LAMAG is emerging as a serious contender on the art scene as well as one of LA’s most exciting cultural destinations. The Rodin exhibit runs through August 17th. Please visit LAMAG.ORG  for more details.

2 thoughts on “Breaking News: Auguste Rodin Hides Out In Los Angeles

  1. Hi Amy: I came across your perfect post about the Barnsdall Art Park Rodin exhibition today while I was trying to learn more about this amazing artwork. And frankly, I was also looking for anyone who might have reviewed it and noticed how “quietly hidden” this unique “art park” is. There has been an ongoing struggle to keep Barnsdall public owned, operated and enjoyed by all. IMO the lack of publicity and “visibility” do not help when it comes to funding the arts programs there or keeping the theater alive (the beautiful 200+ seat theater is “dark” most of the time).

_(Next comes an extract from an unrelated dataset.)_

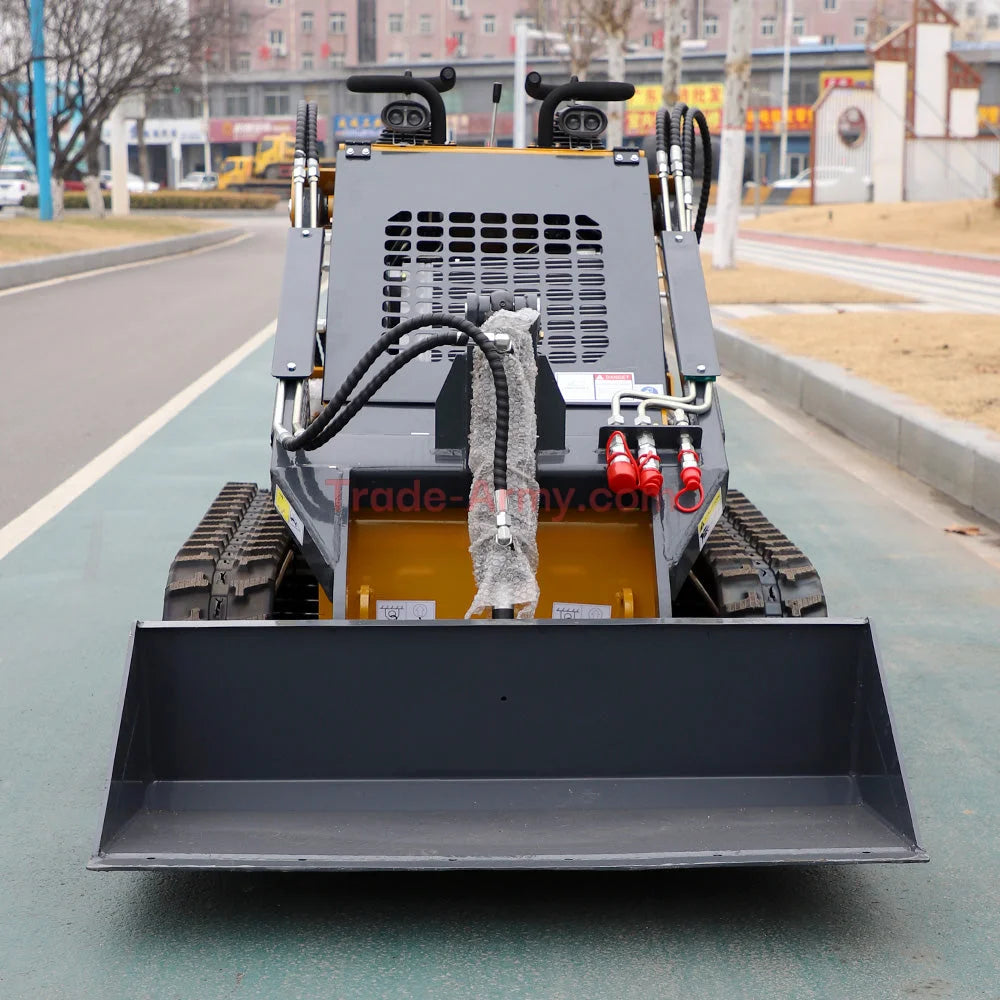 Burly 380 Stand-Up Skid Steer - 23HP - Mini Skid Steer from Trade-Army
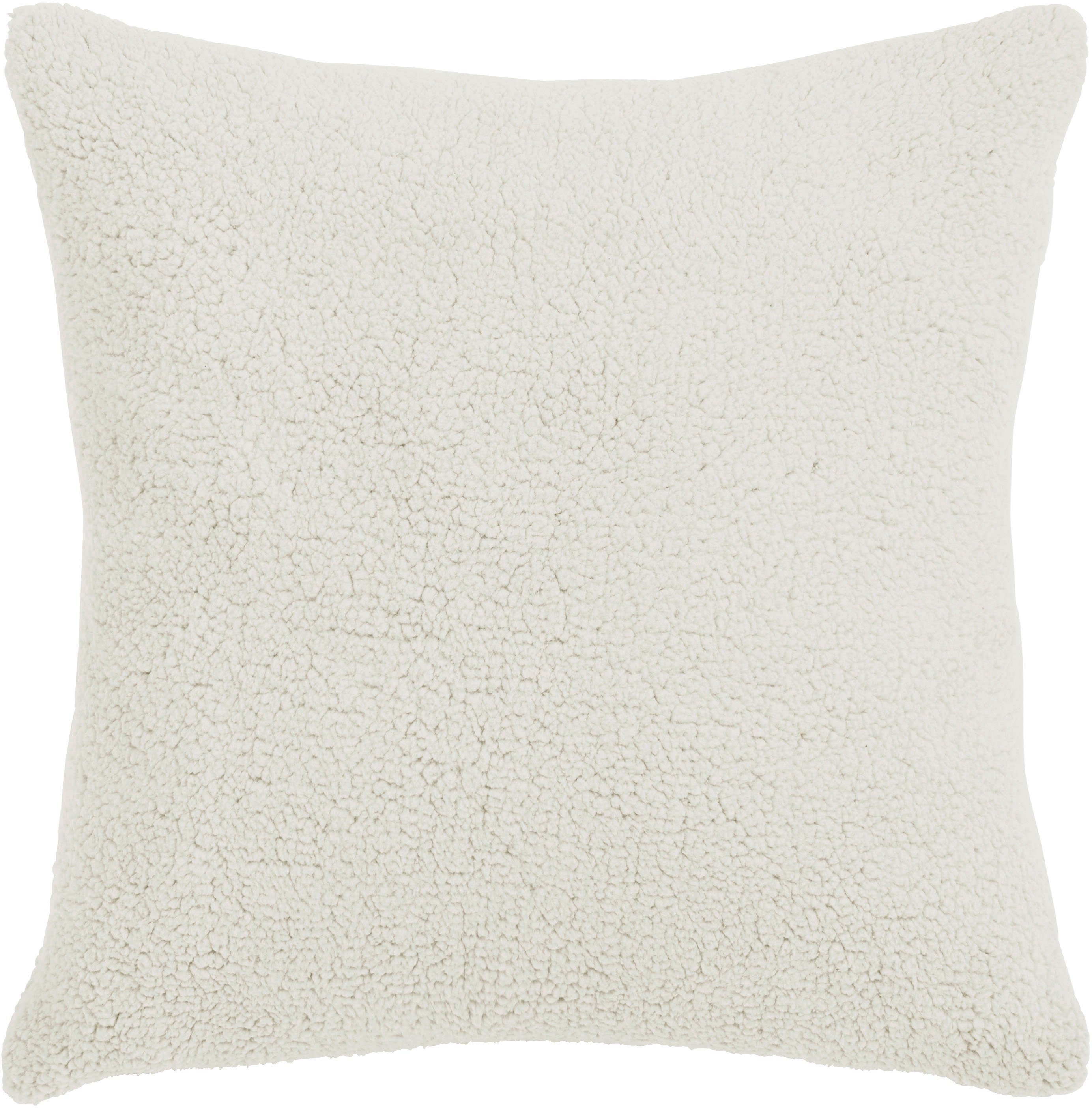 done.® Kissenhülle Soul, (1 Stück), Einfarbige Kissenhülle aus weichem Teddy-Plüsch, soft und flauschig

And most heartbreaking, to me, was the low-key way this exhibit was launched and maintained. If it had been at LACMA, chances are throngs of art-lovers would have flocked to it.

    I admin a group FB page–“Clean Up Barnsdall Trash and Spirit”–that addresses these issues and more with regard to management of the park and its arts facilities. FYI – There’s a “clean up” effort slated for 8/23 (9-3) and a multi-group public meeting coming up to establish more communication among the various groups and the City regarding finding solutions that will make Barnsdall safer and more “known” to all. When I think of how hard Rodin worked, and what he accomplished, it just seems a shame that relatively few people could learn about it by viewing the originals firsthand at the L.A. Municipal Gallery. Thank you so much for saying what was in my own head as I viewed this rare exhibition. Well done!

    1. Thank you. It’s always nice to hear. The Barnsdall is a magical place. In any other city I’ve ever lived in or visited, this would be something locals would champion. I didn’t know that about the theatre. I’d love to hear more.